ACTION ITEM: Reproduce, without alteration, every line of the data; exclude the images.

[Captioned web image data]

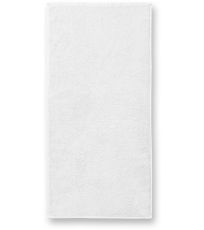 Osuška Terry Bath Towel 70x140 Malfini biela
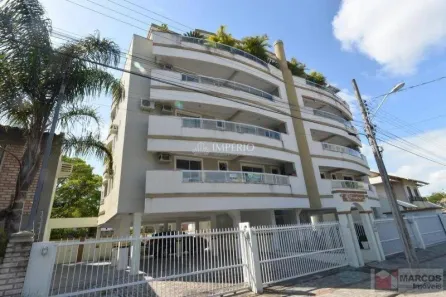 Apartamento com 2 Quartos à venda, 80m² no Bombas, Bombinhas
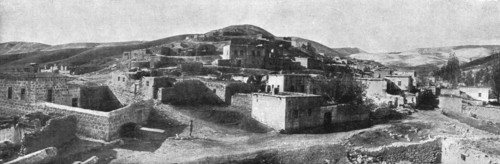 'L'Avance Russe en Asie-Mineure; Panarama de Mamachatoum', 1916. Creator: Unknown.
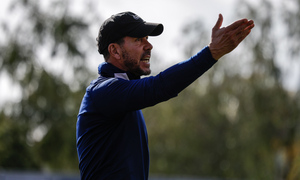 Temp. 23-24 | Entrenamiento 11-11-23 | Simeone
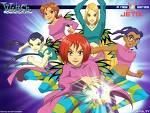 witch - Super poze hannah...am si eu cateva - ~~Desene Animate~~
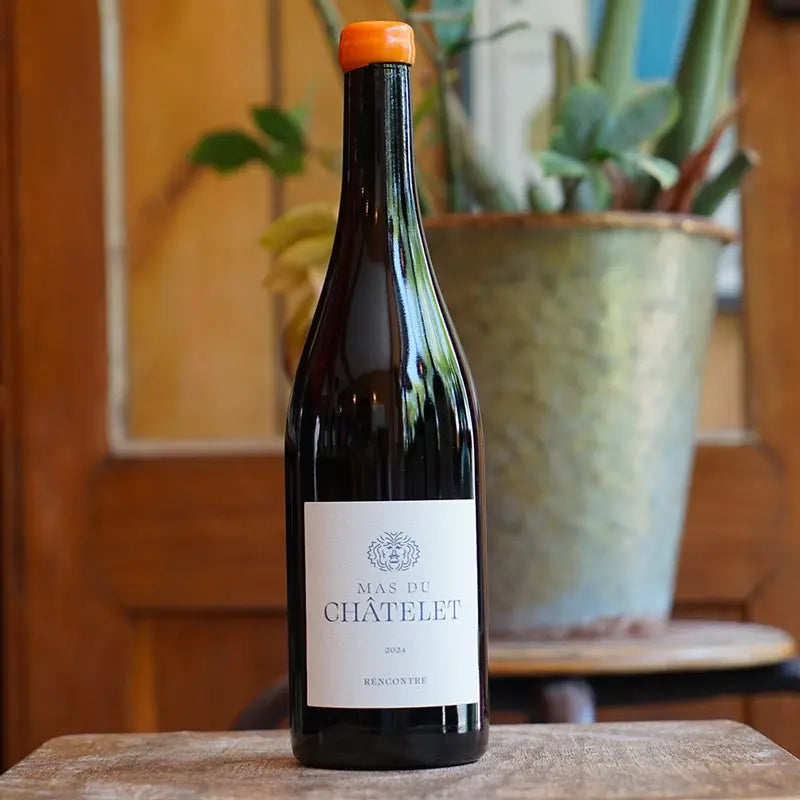 Rencontre 2024 - Mas du Châtelet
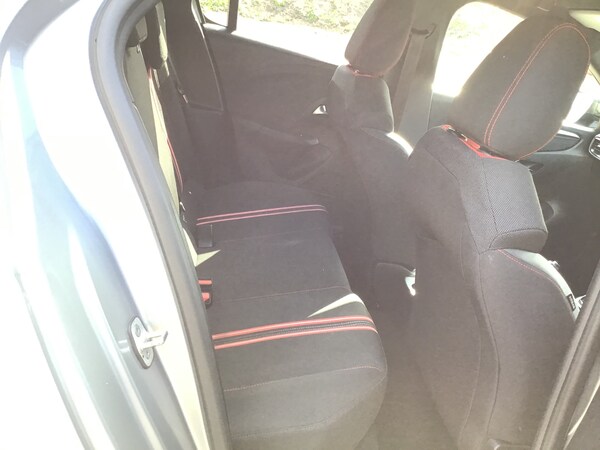 Used Vauxhall Corsa 2020 for sale - 75774148: Photo 9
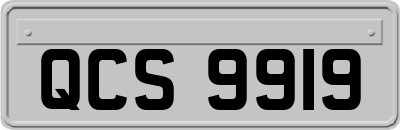 QCS9919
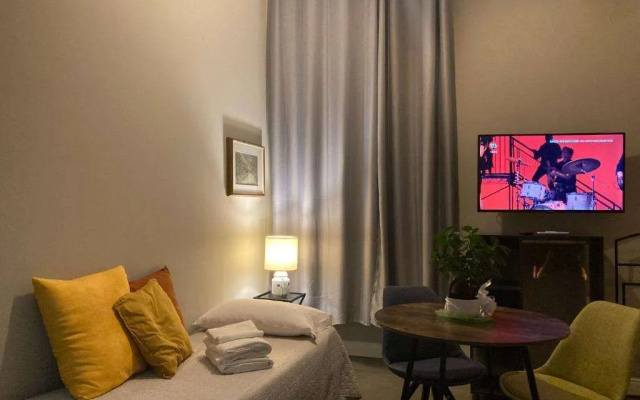Hotel Calypso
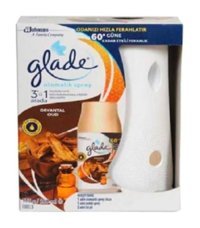 Glade Odunsu Oda Kokusu 175 gr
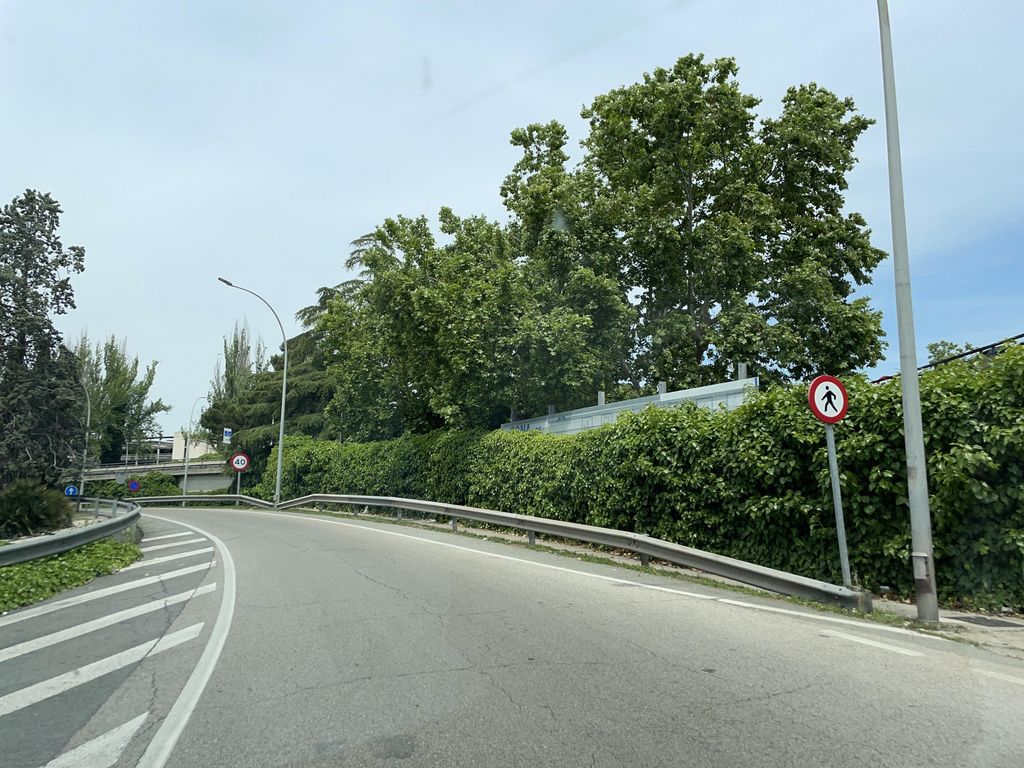 The Corner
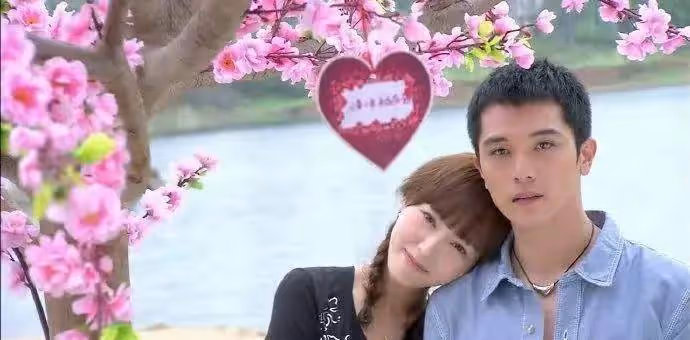 八五花里婚姻最美滿的唐嫣除了美貌還有被大家忽視的戰績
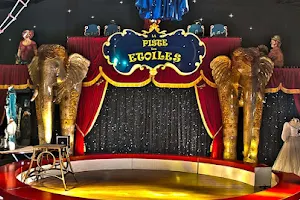 Musée du cirque et de l'illusion image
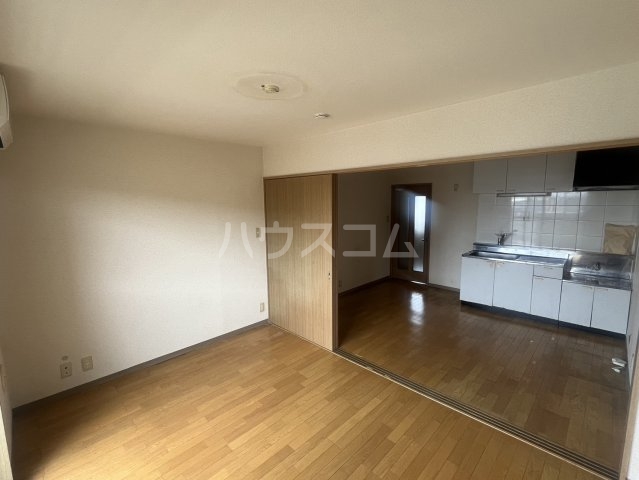 5/30 リビング/ダイニング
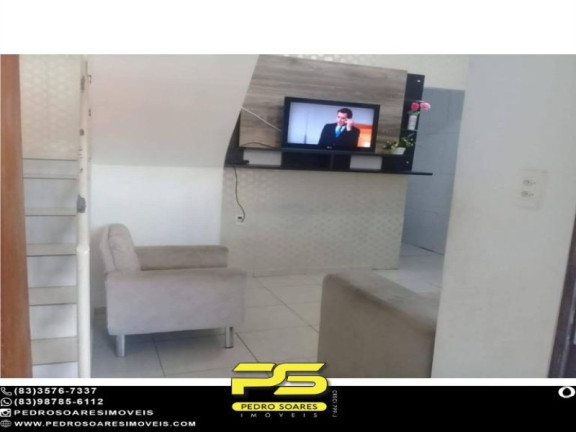 Imagem Apartamento com 3 Quartos à Venda, 170 m² em Vila Sao Joao - Cabedelo Imagem Apartamento com 3 Quartos à Venda, 170 m² em Vila Sao Joao - Cabedelo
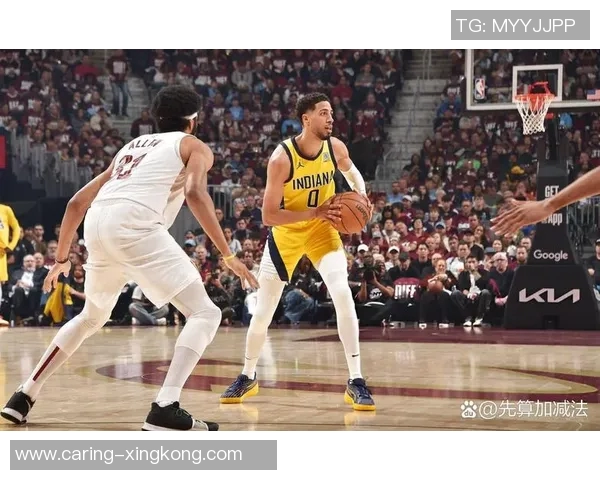 骑士与步行者激战四月二十日NBA季后赛精彩回顾与分析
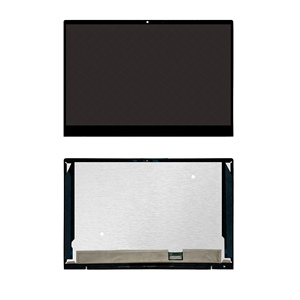อะไหล่เปลี่ยนหน้าจอสำหรับแล็ปท็อป HP Envy รุ่น 13-ba1063cl 13-ba1095cl ขนาด 13.3 นิ้ว FullHD 1920x1080 จอ LCD พร้อมระบบสัมผัส - Product Image 2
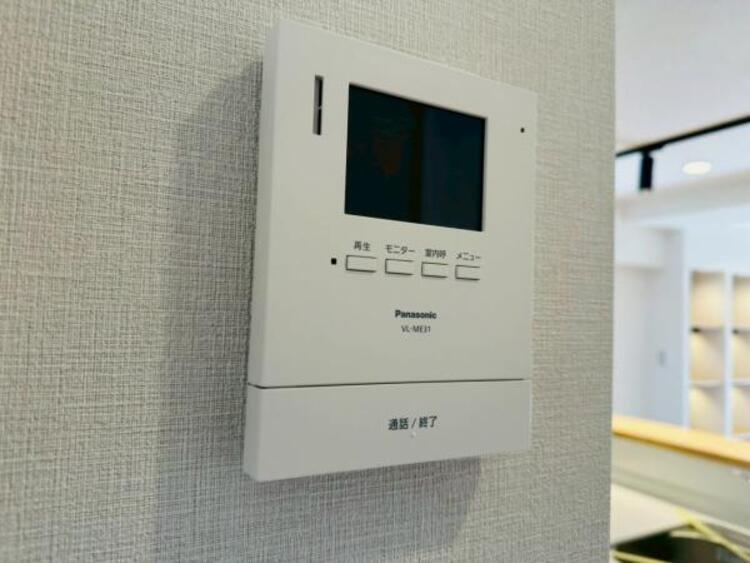 設備 【2025年11月撮影】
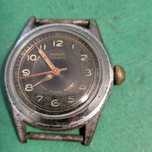 Stary zegarek ANKER 17 kamieni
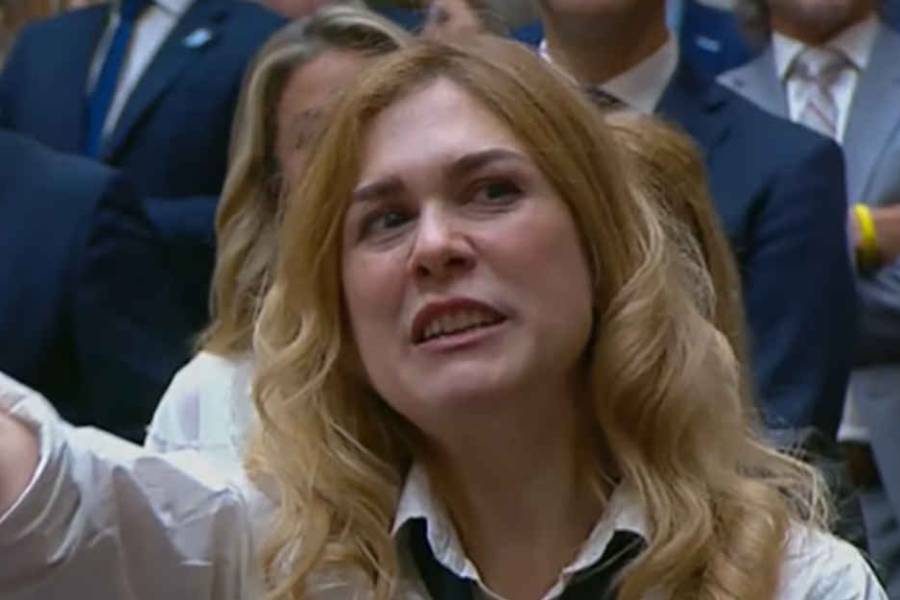 Familiares de víctimas piden que el Congreso expulse a Lemoine por burlarse de los vuelos de la muerte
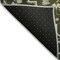 Homeroots 9' X 12' Olive Green Ivory And Brown Oriental Washable Indoor Outdoor Area Rug 600178 - alternate 8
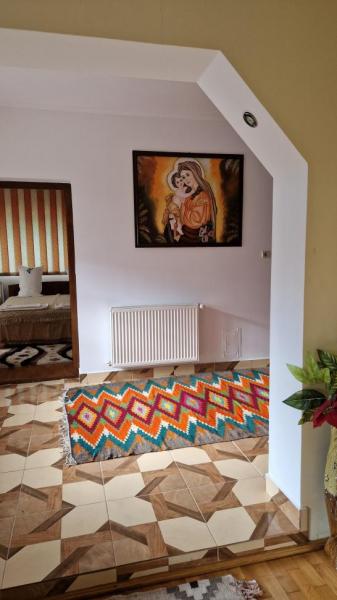 Pension PENSIUNEA MALINUL from Barsana, Maramureș picture 11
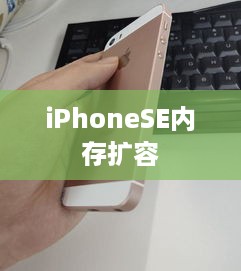 iPhoneSE内存扩容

PROBLEM SOLUTION:
 Osuška Terry Bath Towel 70x140 Malfini biela
 Apartamento com 2 Quartos à venda, 80m² no Bombas, Bombinhas
 'L'Avance Russe en Asie-Mineure; Panarama de Mamachatoum', 1916. Creator: Unknown.
 Temp. 23-24 | Entrenamiento 11-11-23 | Simeone
 witch - Super poze hannah...am si eu cateva - ~~Desene Animate~~
 Rencontre 2024 - Mas du Châtelet
 Used Vauxhall Corsa 2020 for sale - 75774148: Photo 9
 QCS9919
Hotel Calypso
 Glade Odunsu Oda Kokusu 175 gr
 The Corner
 八五花里婚姻最美滿的唐嫣除了美貌還有被大家忽視的戰績
 Musée du cirque et de l'illusion image
 5/30 リビング/ダイニング
 Imagem Apartamento com 3 Quartos à Venda, 170 m² em Vila Sao Joao - Cabedelo Imagem Apartamento com 3 Quartos à Venda, 170 m² em Vila Sao Joao - Cabedelo
 骑士与步行者激战四月二十日NBA季后赛精彩回顾与分析
อะไหล่เปลี่ยนหน้าจอสำหรับแล็ปท็อป HP Envy รุ่น 13-ba1063cl 13-ba1095cl ขนาด 13.3 นิ้ว FullHD 1920x1080 จอ LCD พร้อมระบบสัมผัส - Product Image 2
 設備 【2025年11月撮影】
 Stary zegarek ANKER 17 kamieni
 Familiares de víctimas piden que el Congreso expulse a Lemoine por burlarse de los vuelos de la muerte
 Homeroots 9' X 12' Olive Green Ivory And Brown Oriental Washable Indoor Outdoor Area Rug 600178 - alternate 8
 Pension PENSIUNEA MALINUL from Barsana, Maramureș picture 11
 iPhoneSE内存扩容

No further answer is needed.